Shallow-Borehole Array for Measuring Greenland Emission of Trace Gases as an Analogue for Methane on Mars (GETGAMM), Principal Investigator Lisa Pratt, Indiana University. The team will use three instruments to measure seasonal and diurnal variation in the concentration and isotopic composition of methane in bedrock boreholes and soil pipe wells in southwest Greenland. The measurements will provide data urgently needed for modeling greenhouse gases on Earth and for developing life-detection strategies for Mars.

At the site, temperatures drop to -3°C at 4m in continuous permafrost, providing a shallow and pristine setting for studying trace gases released by weathering and by microbial metabolism in super-permafrost bedrock and soil. Drilling over two years of field campaigns will lead to a technology demonstration in the third year of semi-autonomous robotic drilling and sealing of boreholes extending to depths of 2m. Gas in the boreholes will be transferred without atmospheric contamination to above ground instruments. GETGAMM data will act as ground truth for permafrost methane release via fracture zones on Earth and, by analogy, Mars where methane plumes have been reported in the atmosphere. Results of the study will also aid engineering and scientific preparation for a shallow drilling on Mars, currently under consideration for the 2018 mid-range rover mission.

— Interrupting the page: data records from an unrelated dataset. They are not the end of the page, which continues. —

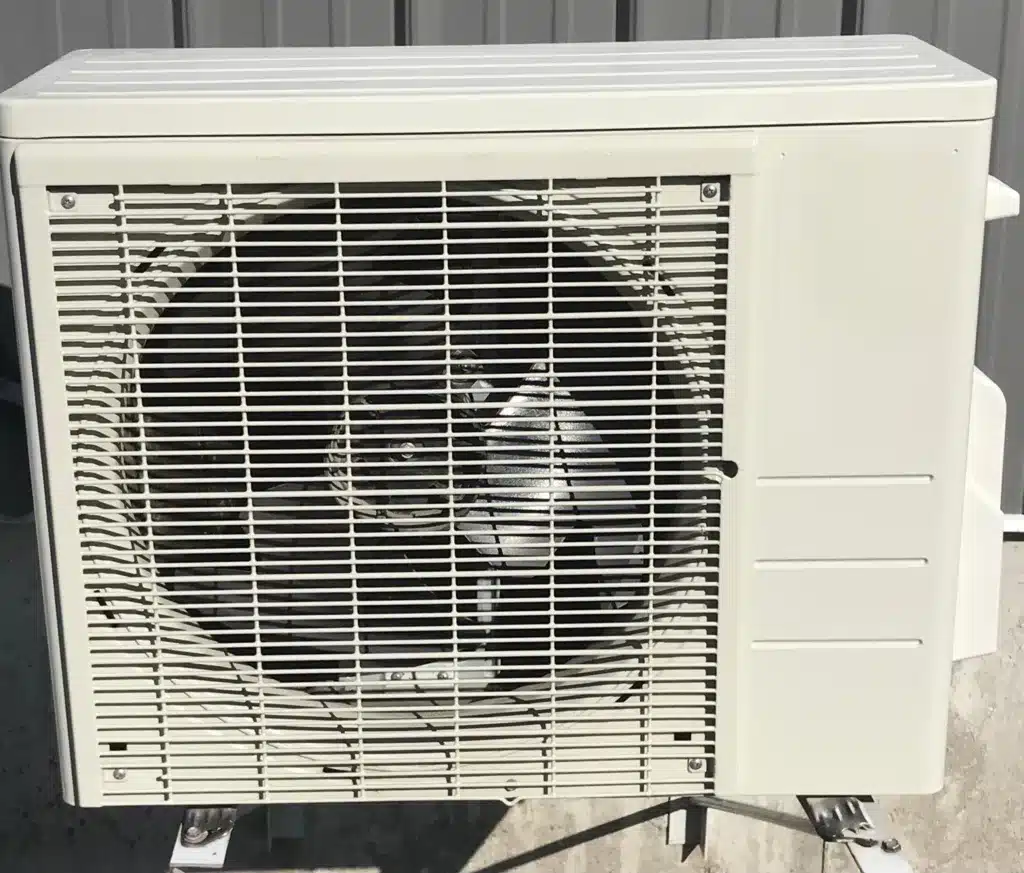 A beige outdoor ductless unit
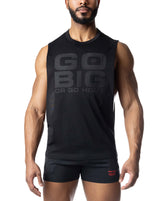 A muscular man wearing a black Nasty Pig tank top with GO BIG OR GO HOME printed on the front, paired with black shorts.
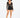 A model poses in a sheer long-sleeve top and high-waisted black shorts, showcasing a stylish, modern look.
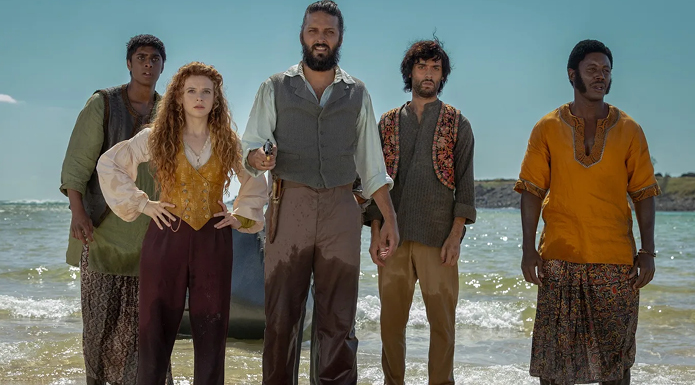 Five people stand on a beach.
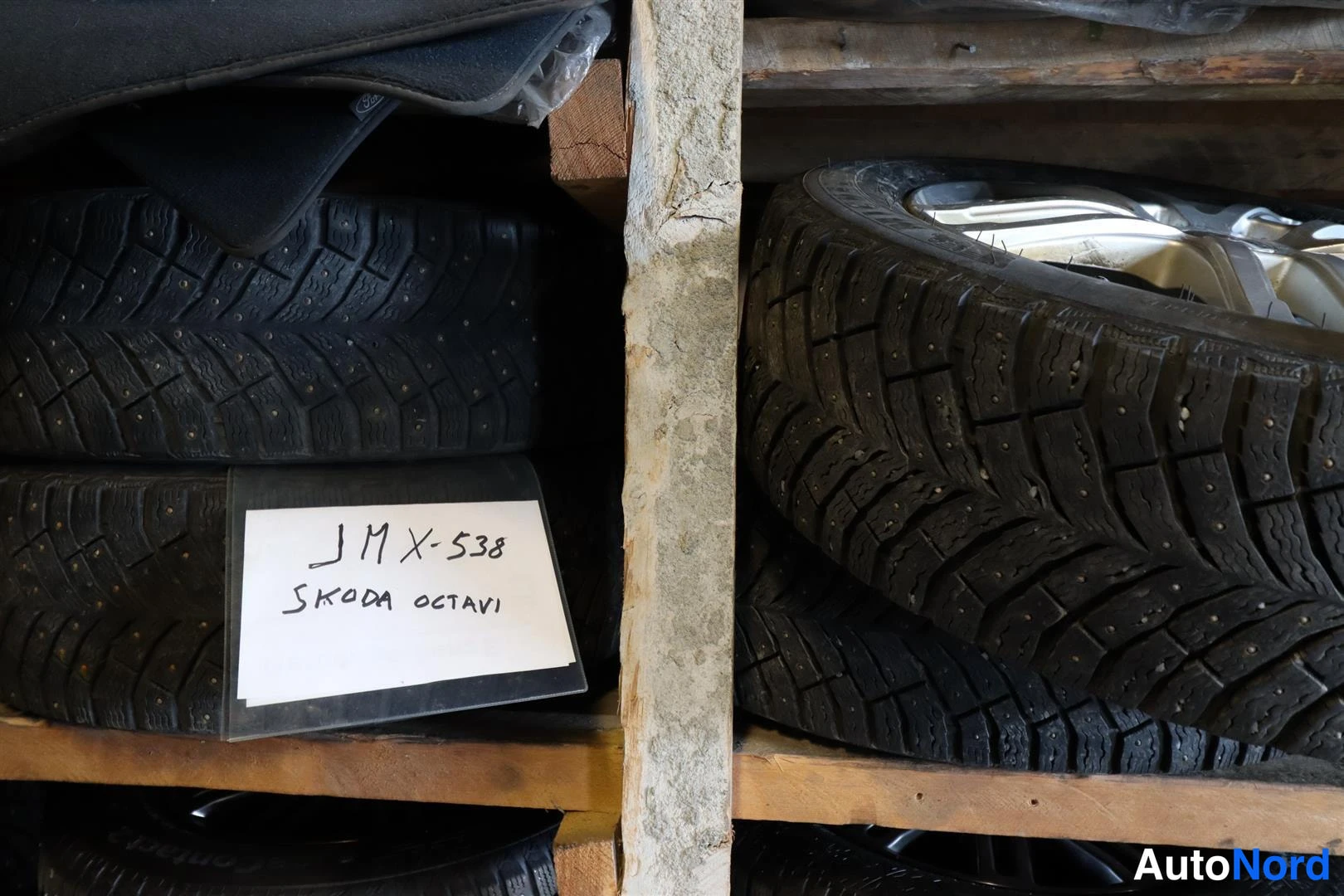 Yksityiskohta: Varastohyllyllä kaksi pinoon asetettua nastarenkassarjaa ja käsin kirjoitettu lapullinen tekstillä SKODA OCTAVI.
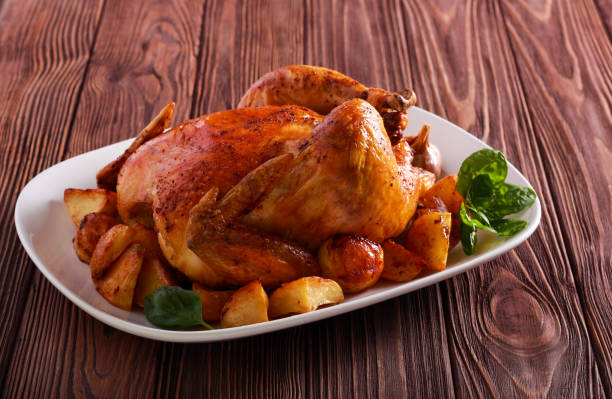 istock Roast chicken with potatoes on plate 1060021550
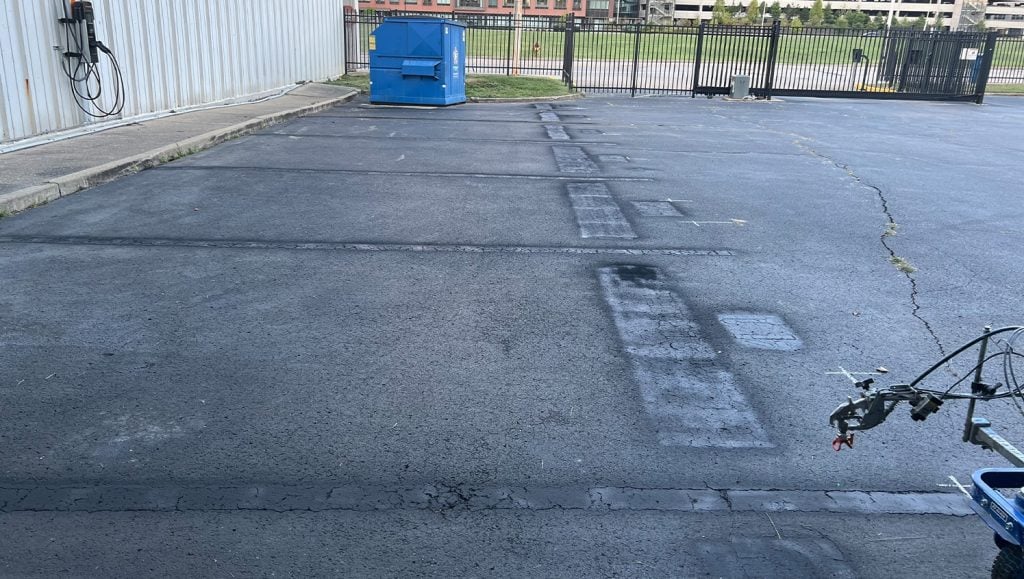 freshly painted ev markings for Amteck of KY Inc. parking lot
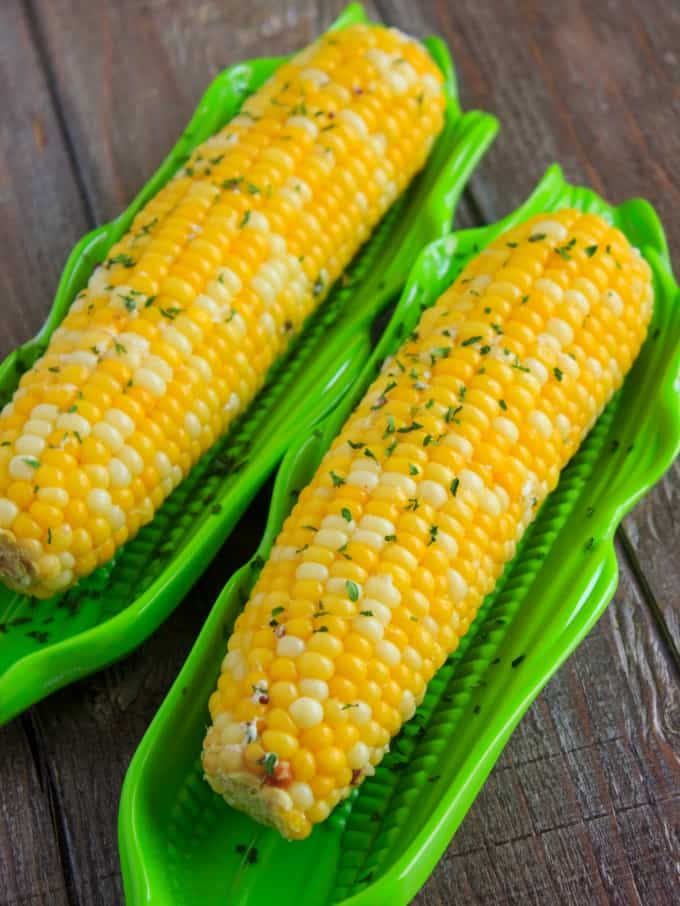 Corn on the Cob Boiled in a Milk Broth on wooden table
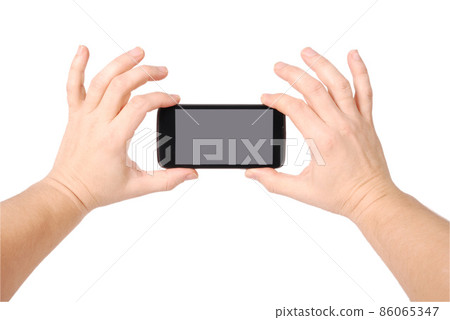 Man hand holding the smartphone 86065347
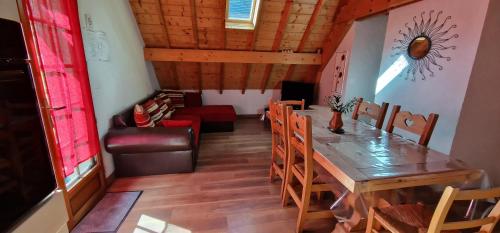 une salle à manger avec une table, des chaises et un canapé dans l'établissement Gîte de groupe La Gloriette, à Geu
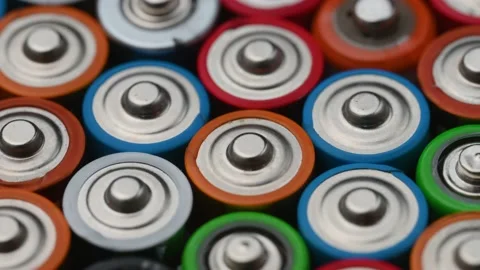 Close-up batteries rotating on a turntable, top view. Hazardous waste concept Stock Footage 233957237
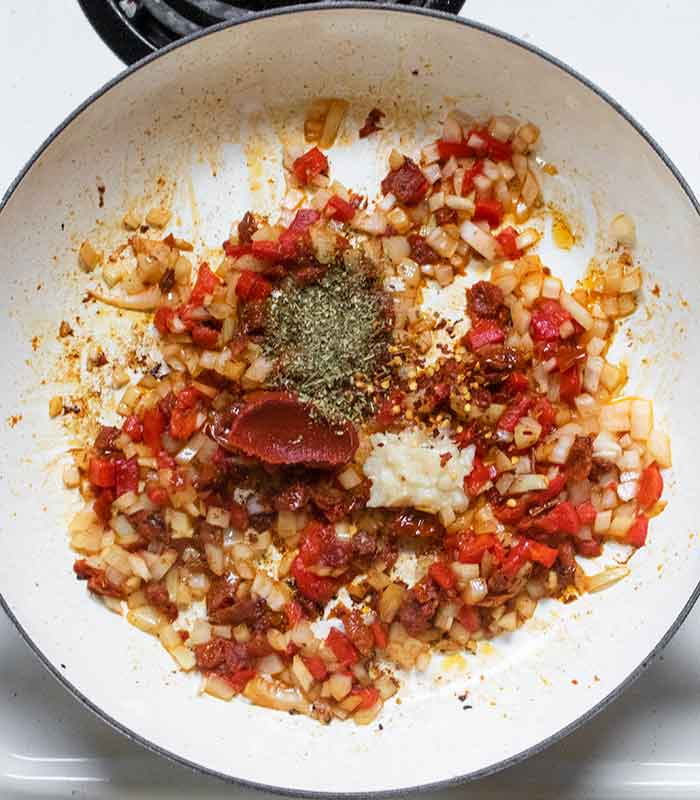 Adding the tomato paste and seasonings to the vegetables.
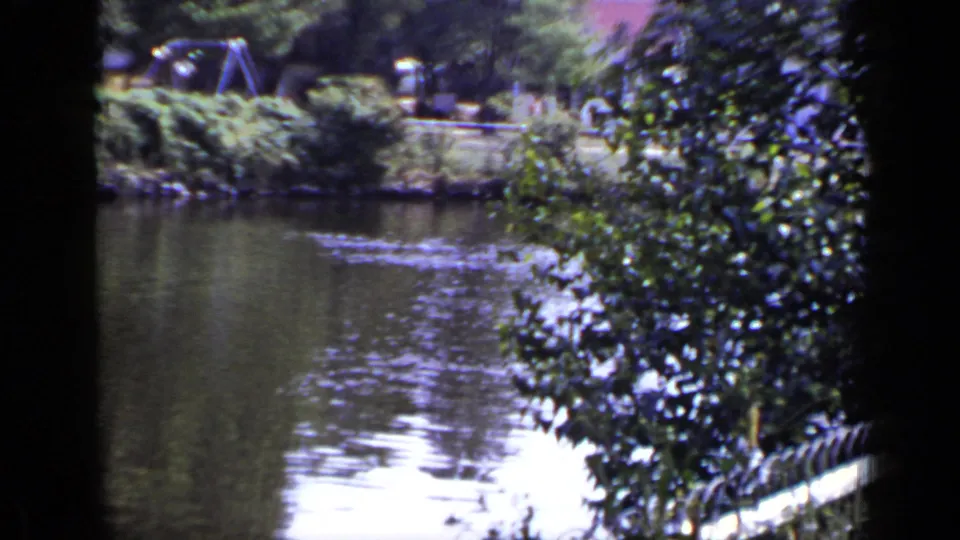 1948 New York home-movie frame with lake water, far-bank greenery, and dark gate-edge framing as the camera pans.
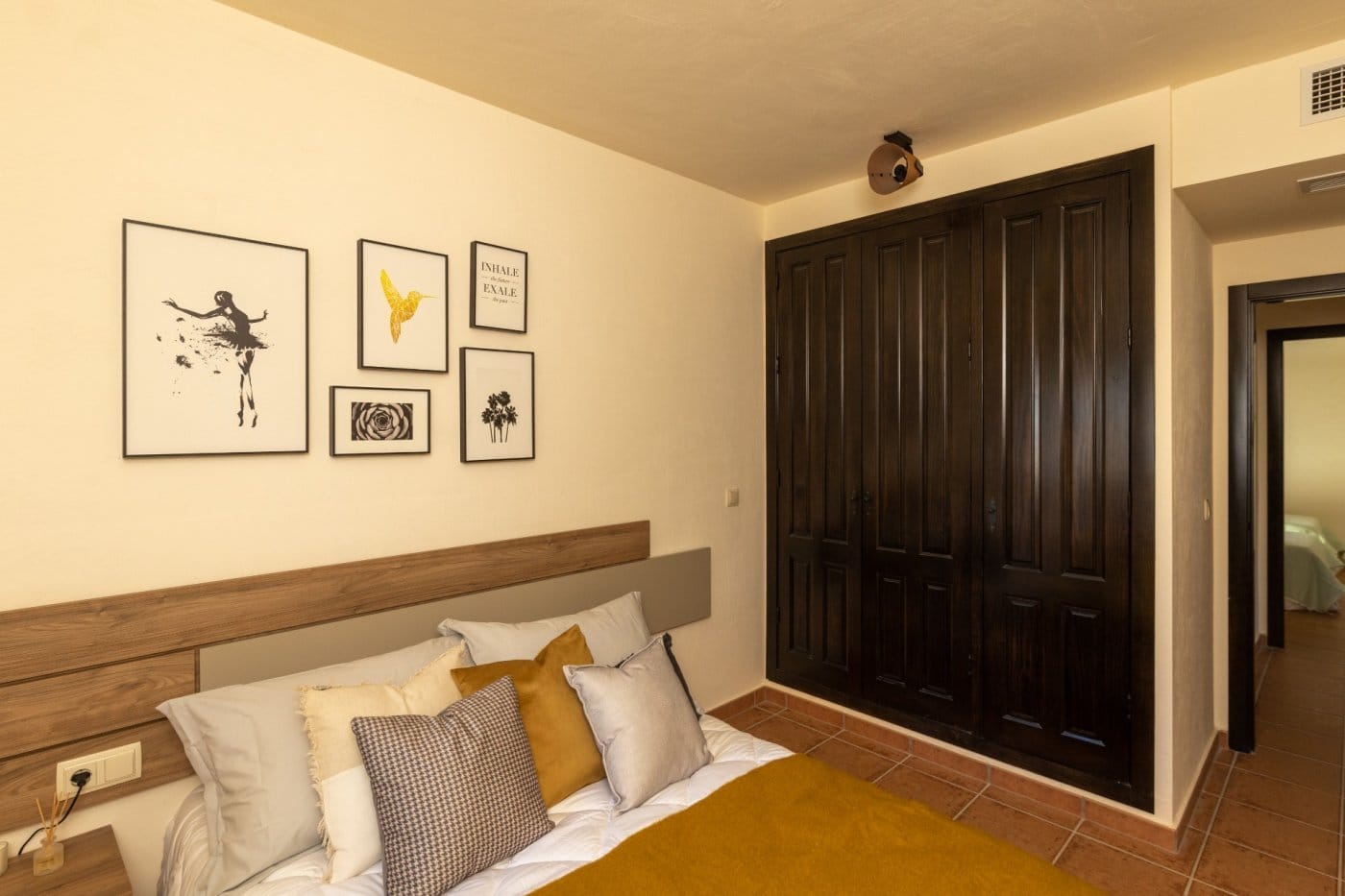 Double bedroom beside full-height wooden wardrobes in Las Palas, Fuente Álamo, Murcia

Robotic Investigation of Subsurface Life in the Atacama Desert, Principal Investigator David Wettergreen, Carnegie Mellon University. This three-year field campaign will employ the first operation of a drill by an autonomous survey rover to explore and measure the gradients of subsurface life in the Atacama Desert. The rover will incorporate a range of sensors for biogeologic surveying, as well as a drill capable of collecting samples and making measurements to characterize subsurface habitats. The goal is to document subsurface ecosystems that have adapted to increased aridity, oxidation, and salinity, and establish drilling as a field-proven capability for science rovers.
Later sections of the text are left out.